ブリキ星通信

店主のひとりごと

ブリキ星通信/2001年12月号

2001年12月01日 | 2001年
小春日和のある日のことです。
 「いい店だね、だけどもったいない。
  もっとちゃんとした、いいものを置けばいいのに」
はじめて来店した古物商の方は、そう言って、すぐに出ていかれました。
一方、
 「古伊万里や李朝ものより、
  最近はこういうものに引かれていくんですよ」
と、古い瓦や銅製の水筒、金鋼のカゴを楽しそうに選んで買っていかれた
京都の同業の方もいました。
人によって「いいもの」の思いはずいぶん異なるし、
また、変化もしていきます。
人とモノの関わりの面白さは、そこにあるのかもしれません。

12月。

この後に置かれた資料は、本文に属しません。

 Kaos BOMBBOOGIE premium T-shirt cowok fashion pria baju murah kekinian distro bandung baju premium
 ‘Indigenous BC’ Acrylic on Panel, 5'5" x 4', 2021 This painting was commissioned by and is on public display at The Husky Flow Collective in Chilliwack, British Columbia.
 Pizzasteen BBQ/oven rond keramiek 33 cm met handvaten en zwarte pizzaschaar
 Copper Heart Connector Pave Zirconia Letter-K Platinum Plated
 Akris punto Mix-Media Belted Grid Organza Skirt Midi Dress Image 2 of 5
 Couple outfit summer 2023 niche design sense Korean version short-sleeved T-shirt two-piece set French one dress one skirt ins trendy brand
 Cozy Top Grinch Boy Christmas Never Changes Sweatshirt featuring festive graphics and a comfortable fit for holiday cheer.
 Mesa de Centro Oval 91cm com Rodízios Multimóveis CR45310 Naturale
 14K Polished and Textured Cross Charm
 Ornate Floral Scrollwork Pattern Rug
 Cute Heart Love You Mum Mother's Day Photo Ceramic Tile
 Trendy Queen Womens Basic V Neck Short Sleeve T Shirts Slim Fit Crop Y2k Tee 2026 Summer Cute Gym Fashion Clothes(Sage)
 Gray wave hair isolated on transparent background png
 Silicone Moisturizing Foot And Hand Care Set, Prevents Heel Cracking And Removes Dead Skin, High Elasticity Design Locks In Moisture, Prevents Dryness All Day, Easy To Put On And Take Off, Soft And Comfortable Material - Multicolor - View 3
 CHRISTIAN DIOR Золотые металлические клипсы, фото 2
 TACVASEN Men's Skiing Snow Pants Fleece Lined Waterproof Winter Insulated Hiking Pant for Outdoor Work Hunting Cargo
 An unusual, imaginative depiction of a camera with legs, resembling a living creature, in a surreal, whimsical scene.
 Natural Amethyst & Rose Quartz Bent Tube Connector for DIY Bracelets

クリスマス、歳末が目の前です。
駅前の商店街はにぎやかになってきました。
ブリキ星も負けじと品揃えをしていきたいと思います。
コタツの金網、蓮台の断片、手のない招き猫(土人形)、
錆びた鉄の飛行機、アルミの弁当箱、ガラスの水筒、
江戸時代の手鞠、くり盆(明治)、
格子紋様の茶碗(江戸後期)等々のうつわ類……
さて、「いいもの」はあるでしょうか?

11月の企画展「苅谷重子墨絵展」は、本格的な日本画あり、
作家独自の線の墨絵ありと、変化に富んだ作品で、
参観者を楽しませてくれました。
17日に開催した立川叔男さんの古楽器ミニ演奏会には
10名ほどの参加者があり、
演奏者を囲んで、心地よい調べに身を浸した一夜でした。

ブリキ星通信/2001年11月号

2001年11月01日 | 2001年

開店前の1時間、店から徒歩15分程のところにある善福寺公園に、
散歩に行くのが日課になりました。
住宅街を抜けて公園に一歩入ると、目の前には大きなカジカエデが
朝日をあびて金色に輝いていました。
緑、黄、赤…
木々の移り変わりに、秋の美しさを感じる今日この頃です。

天気の良い日には、西荻アンティークマップを持って歩く人が目立つ
ようになり、ブリキ星にも初めてのお客さまが多くなりました。
古いホチキスや穴あけパンチ、さびたブリキ缶や珍しいガラス瓶、
瀬戸の人形…などに目をとめて
「欲しくなるものばかりありますね」
なんて言ってくださると‘類は友を呼ぶ’とばかりに頬がゆるみます。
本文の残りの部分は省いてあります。